Charter Communications wants permission to begin charging Netflix, HBO Max, Disney+ and other streamers for the pleasure of efficiently carrying its traffic. In a petition this past week to the Federal Communications Commission, the nation's second-largest provider of cable TV and internet services cited the flourishing online video marketplace and asked for a sunset of two notable conditions imposed on Charter's 2016 merger with Time Warner Cable and Bright House Networks.

Back then, the Obama-era FCC was crafting net neutrality rules, and one of the more controversial discussions pertained to interconnection agreements, also called peering. A video service like Netflix tends to be a data hog, and ISPs argued that it was reasonable to negotiate commercial arrangements with content providers to ensure infrastructure accommodated high volumes of traffic. Ultimately, the FCC didn't ban interconnection agreements, and in any event under the leadership of Ajit Pai, the FCC moved to repeal net neutrality rules.

But thanks to the merger conditions, Charter hasn't been able to charge interconnection fees to streamers. In fact, after Charter swore off doing so, Netflix came around to support the merger while the Department of Justice pointed to the interconnection condition as relieving its significant concerns that Charter could become a gatekeeper for internet-based services, that higher internet interconnection fees that could have limited streamers' ability to compete effectively with traditional cable and satellite operators. The conditions on the merger were set to expire after seven years, in 2023, but the FCC included a mechanism to seek an expiration two years early. Charter is now exercising its option to seek early termination of conditions.

"[I]n the years since the Conditions were imposed, [online video distributors] are even more numerous, more popular, and more formidable today than they were in 2016," states the petition. "Seemingly insatiable consumer demand for content only bolsters their already strong interconnection negotiating positions."

Charter points to a flourishing market despite reported interconnection agreements between Netflix and other ISPs including Comcast, Verizon and AT&T, plus how streamers and others (e.g. Google's YouTube) now enjoy alternative ways to get to consumers beyond last-mile broadband connections.

In pushing for the FCC to recognize the public benefit of explicitly allowing interconnection agreements by ending conditions on May 18, 2021, Charter also stresses just who it will be negotiating with across the table.

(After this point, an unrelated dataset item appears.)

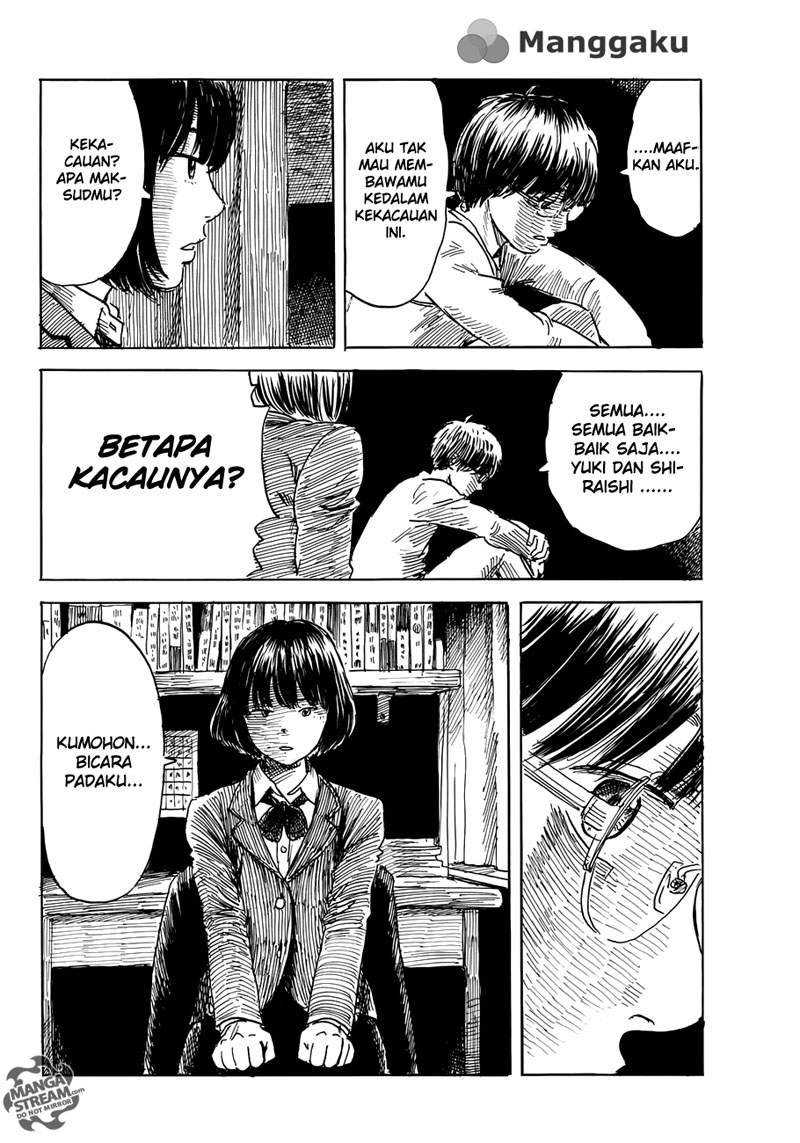 Happiness Chapter 12 Gambar 23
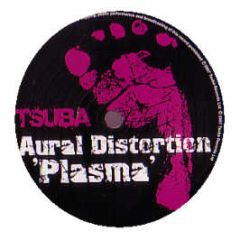 Aural Distortion - Plasma - Tsuba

"Indeed, the entities on the other side of the negotiation include some of the biggest names in technology: Netflix, Google, Akamai, Amazon, Facebook, Apple, Microsoft, Dropbox, and Yahoo," continues the petition. "The Commission recently observed that large edge providers such as Amazon and Google, both of which control a significant portion of the OVD market, likely enjoy significant market advantages that restrain broadband providers' exercise of power. That disparity has only grown since 2018: Only four U.S. companies have achieved market capitalizations exceeding $1 trillion — Apple, Amazon, and Alphabet, and Microsoft — and all four are parent companies of OVDs and/or OVD platforms. Compare this to Charter's market capitalization of roughly $124 billion, and it is clear that OVDs are formidable economic entities."

Here's the full petition. Charter's other big ask is to sunset the condition on imposing data caps.

The FCC responds that it will now take public comment about Charter's petition.